Monday, July 3, 2023

Wine and Food of the Tour de France 2023 Stage 3: Amorebieta Extano to Bayonne

Where are we? Leaving Spain for the Pyrenees-Atlantiques. 

Amorebieta Extano: The regional tourism site tells me that this is a town in an unparalleled location with views of the mountains around it, such as Bizkargi and Urrimendi. Its rather abrupt terrain is also crossed by the river Ibaizabal.

They suggest we begin our visit in Amorebieta-Etxano's town centre, where we will see the church of Santa María de Asunción, which stands out because of its main altarpiece. Once visited Cancelada Palace, a beautiful Neo-classical building, we will arrive in Bernagoitia neighbourhood with its church of San Miguel and the Berna Tower, which keeps medieval remains. Likewise, we can enjoy beautiful views of the valley and its surrounding mountains.
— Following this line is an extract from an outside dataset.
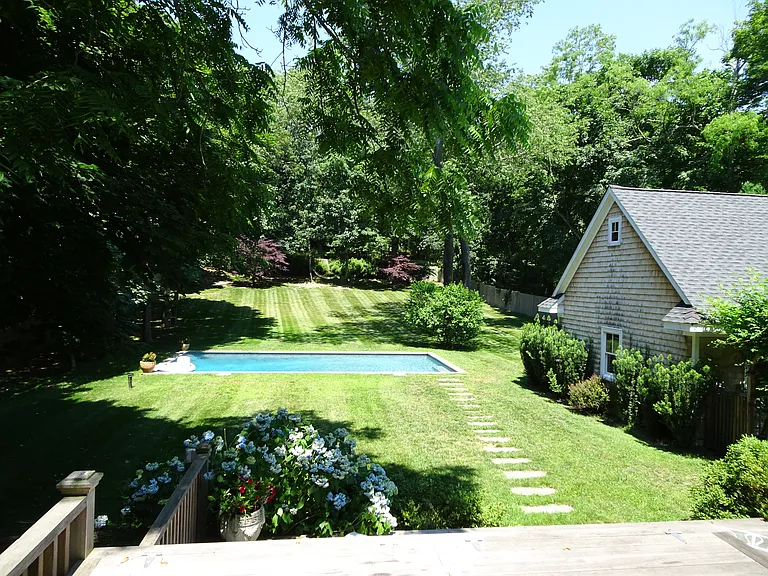W Neck Rd — Photo 10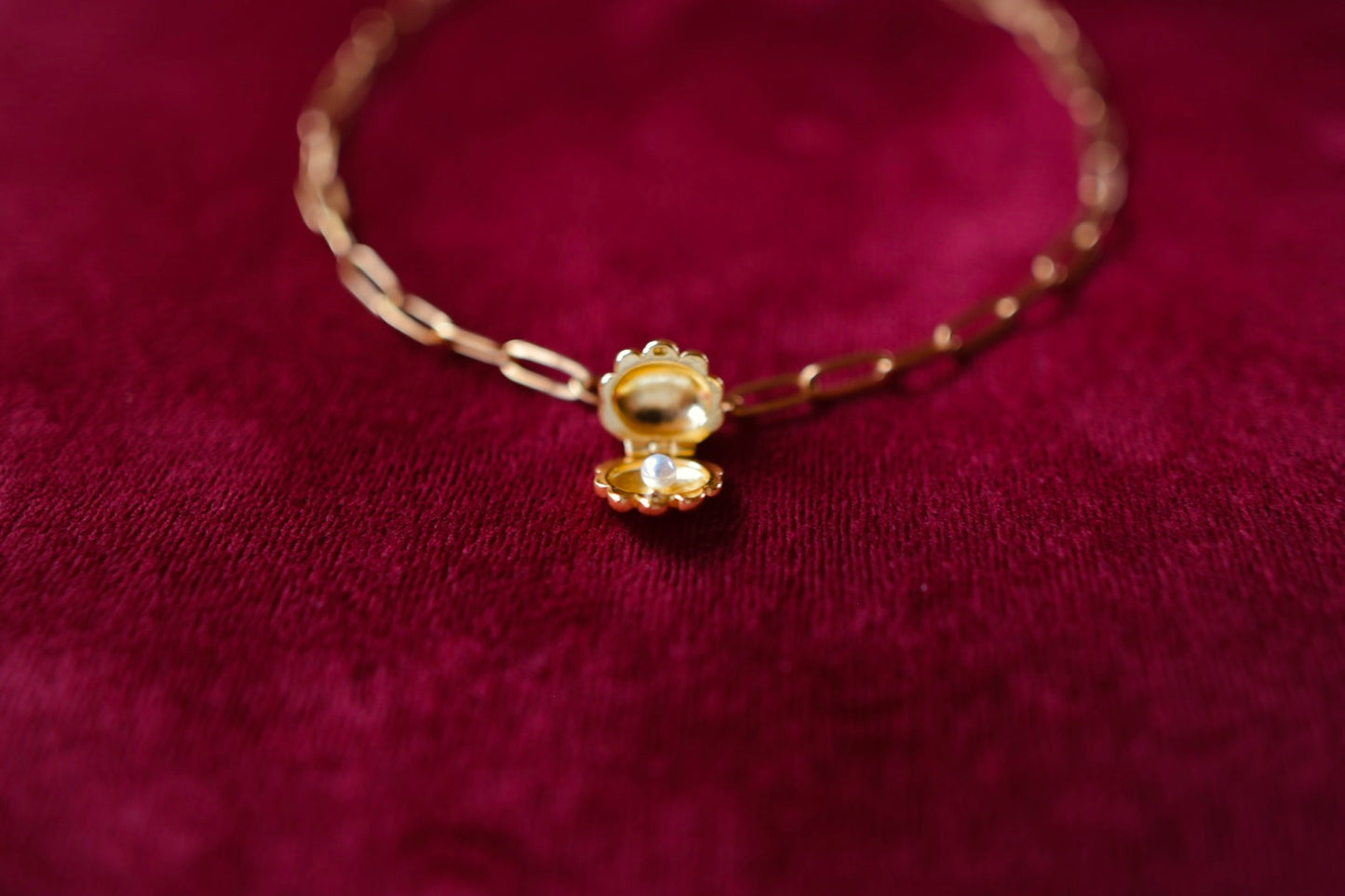 Goldene Muschel mit Perlendetail – zeitlos & elegant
Entering San Antonio neighbourhood we will be astonished by the hermitage of San Miguel de Dudea, one of the nicest in the municipality. The area of Larrea, on the other hand, stands out because of the convento of Larrea and López Palace, a beautiful Neo-classical building. Finally, we will get to Etxano and Boroa. Both are remarkable because of their rural character and both form quiet and nice areas with relaxing walks offering marvellous views of Oiz and Belatxikieta mountains.


Regional Specialtieszurrukutuna (garlic soup), cod, squid, txuleta and vegetable stew

Bayonne: The local tourism site tells me that Bayonne owes its significant architectural heritage to its rich history. The port at the confluence of the Nive and Adour rivers and its close proximity to Spain continue to shape its future. The town's long history of defiance is reflected in its motto: Nunquam Polluta (never defiled). Its military and commercial development has been well established over the centuries and is visible on the buildings and beautiful town houses it is reputed for. Bayonne also gave its name to the bayonet, a local 17th century invention.
Bayonne has strong policies on heritage and culture and obtained France's official « Town of Art & History » status  in 2012, in recognition of 2,000 years of history and rich heritage.
Bayonne takes you on a journey through the ages from the Gothic cathedral – a World Heritage Site since 1998 as part of the French Pilgrim Routes of Santiago de Compostela, to the old town restoration project, the ramparts, the cloister and the Château-Vieux
Founded in 1922, the Basque Museum immerses you in the mystery of the Basque people and is unique in France.
The Bonnat- Helleu Museum - currently closed for renovation - is a must for art lovers and houses an important collection of paintings.
Regional SpecialtiesBayonne ham. Bayonne chocolates



Christian Prudhomme saysAnother phase begins as the race reaches French soil in the department of Pyrenees-Atlantiques, where the sprinters will for once be to the fore. The profile of the closing kilometres for what is the Tour’s reunion with Bayonne will give the sprinters’ teams the chance to manoeuvre their lead-out trains into position. The winner of the first sprint always gets a big lift from their success.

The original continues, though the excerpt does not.